Sleeping Dogs (also known as Deviants and Mission: LA 2029) is a 1997 Canadian sci-fi action film directed by Michael Bafaro.

Plot
A jewel thief in 2020s Los Angeles (Scott McNeil) tries to save a spaceship crew from the emerald smuggling criminals who are holding them captive.

Cast
 Scott McNeil as Harry Maxwell
 C. Thomas Howell as Sanchez Boon
 Heather Hanson as Pandora Grimes
 Kiara Hunter as Zee 4R
 Richard Toth as Wallace
 Angela Madden as Stocker
 Stephen Fisher as Morton
 Sean Fuller as Sweeney
 Paul Jarrett as Willy Boy Pruitt
 Gregory Linington as Brock
 Christopher Clarke as Grogan
 Julius Krajewski as Samson
 Seth Markel as Crenshaw
 Michael Rogers as Haverty
 Darren Dalton as Dexter
 Jaroslav Peterka as Raoul
 Pavel Kříž as Alexandrov
 Dave Ulrich as Cole
 Shannon McCormick as Tippit
 Karel Vávrovec as Carlos
 Miroslav Lhotka as Hugo

Background
It was a Czech Republic co-production, with filming taking place in Czech studios. It is the only film to feature Australian-Canadian actor Scott McNeil in a leading role. McNeil is known for his extensive voice acting career, and at the time was voicing Piccolo in the Saban dub of Dragon Ball Z.

Release and reception
It was released direct-to-video in North America, Europe and Australia.

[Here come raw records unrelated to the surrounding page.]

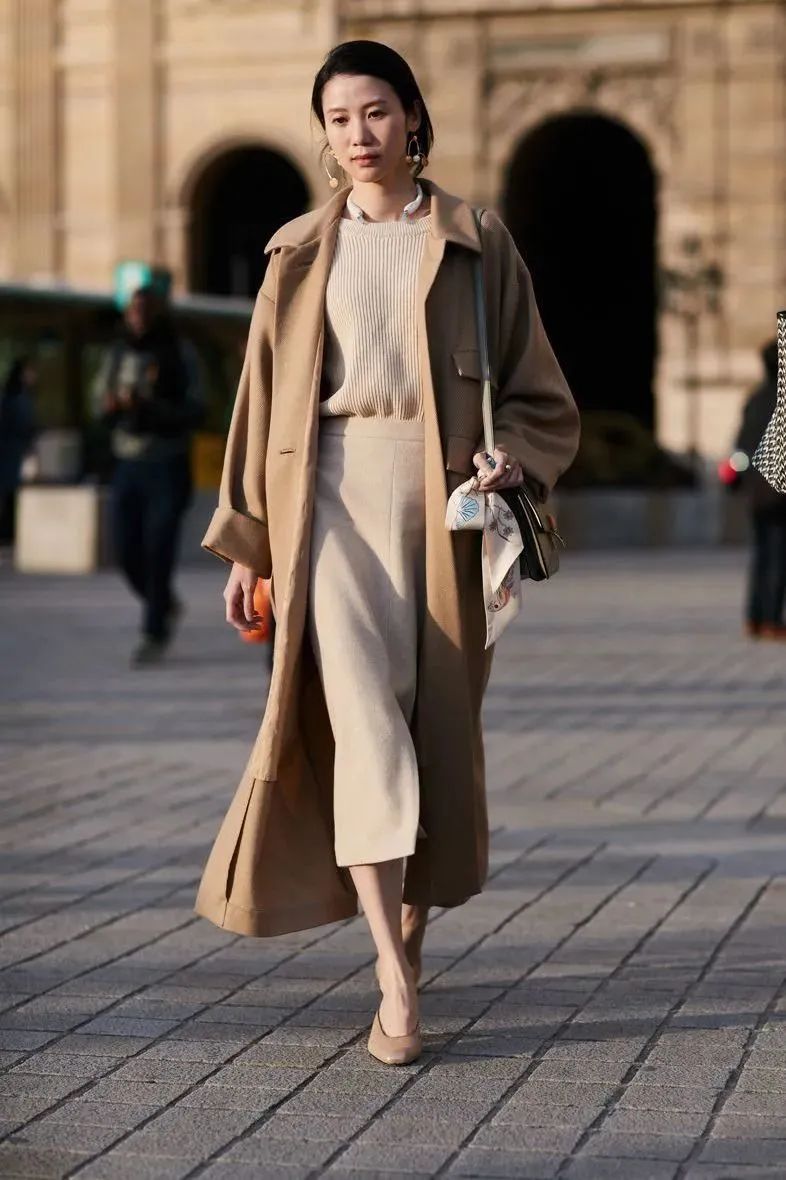 驼色大衣多种风格穿搭攻略,驼色大衣的高级感穿搭示范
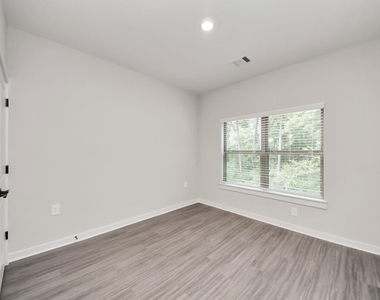 7711 Longmire Road - Photo Thumbnail 17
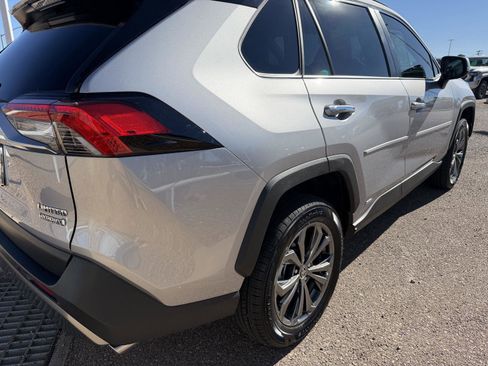 Used 2024 Toyota RAV4 Limited image 15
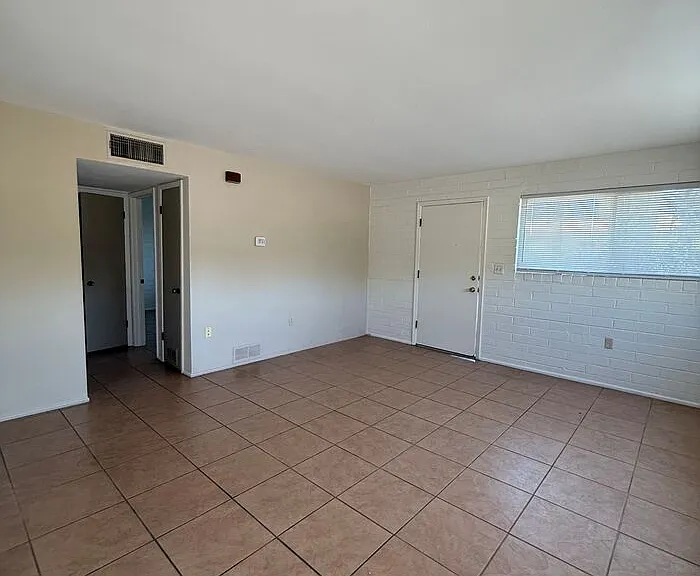2550 N Park Ave — Photo 3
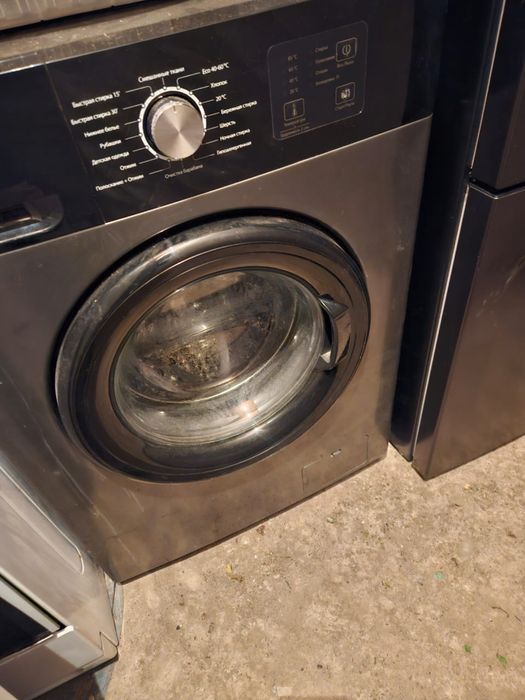 Продам холодильник и машинку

Robert Firsching of AllMovie gave the film two stars, writing "Set in the year 2029 for no apparent reason, this Canadian-Czech co-production literally consists of almost nothing but a steady barrage of gunfire and explosions. Reducing its genre (sci-fi/action) to nothing but the so-called 'good parts,' Sleeping Dogs (1997) emerges as a movie that looks like it was filmed in shorthand. It's a paint-by-numbers effort with very little to either praise or criticize; it's just there, although that's no reason for anyone to feel compelled to watch it." He also claimed that, "As the ludicrously named Sanchez Boon, C. Thomas Howell prances around and prissily quotes literature like a bearded Riddler from a particularly bad episode of the old Batman TV series. Howell's ridiculous performance is the sole reason that even those viewers who cherish bad movies would want to watch this."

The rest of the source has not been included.